Altruism is another virtue we all tend to be taught in school and in religious training. To give alms to the poor, or a tithe, or to share with other children in kindergarten makes sense to teach, but why?
The Evolutionary Psychologists point us toward the concept of kinship and reciprocal altruism among animals, and especially, mammals, where we find an evolutionary advantage in occasionally sharing our resources with other members of the species, especially coming from a point of excess resources. It is simple logic, that to avoid being what they call a free rider on the population, we need to occasionally give, as one invests in a “social bank account,” because there will likely come a time when we need to withdraw from that bank account.
In terms of boundaries, you might see this defense mechanism and virtue as being one that is again, “good boundaries,” because it underscores a recognition that we are not alone in the universe, or the most important person in the world, and others have value too, and need to be respected not merely for their current level of resources, but for the fact that they are also living creatures capable of all the same successes and failures that we are.

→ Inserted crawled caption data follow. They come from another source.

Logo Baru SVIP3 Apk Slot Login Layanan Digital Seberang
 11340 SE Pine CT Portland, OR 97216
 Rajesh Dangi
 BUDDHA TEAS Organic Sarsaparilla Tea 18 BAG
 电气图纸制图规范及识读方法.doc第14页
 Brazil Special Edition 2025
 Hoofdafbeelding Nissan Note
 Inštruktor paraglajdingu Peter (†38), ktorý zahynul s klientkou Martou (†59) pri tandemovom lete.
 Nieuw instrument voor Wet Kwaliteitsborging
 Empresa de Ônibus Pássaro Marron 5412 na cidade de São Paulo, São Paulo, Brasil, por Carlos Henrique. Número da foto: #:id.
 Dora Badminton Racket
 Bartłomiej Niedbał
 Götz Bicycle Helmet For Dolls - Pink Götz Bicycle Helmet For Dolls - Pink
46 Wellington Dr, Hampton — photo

In the success of a couple, you might see this social habit - more conscious and intentional than the neurotic, immature, or pathological defenses - as the science-based core of any advice on “investing and withdrawing on a romantic bank account.” This is the kind of tactic built into some of John Gottman’s techniques for couples’ counseling. That we see each other as a place to invest, and a source of resources to rely on too, such that resentment, that great killer of relationships, does not defeat us in the end.
One way of looking at these virtues, which are strengths of one’s boundary - paired with the constructive decision-making it takes to open the door to good things and closing it to the bad - is to envision what life would be like for a couple in its absence. The partner who has no altruism, who is completely selfish, who thinks nothing of having the excess of energy, time, money, or freedom and does not donate any of it to you, in your state of need in one or more of those areas.
Doing this exercise helps us find what we could not tolerate in the absence of the virtue, and what we ought to appreciate, even in small amounts, to have its presence.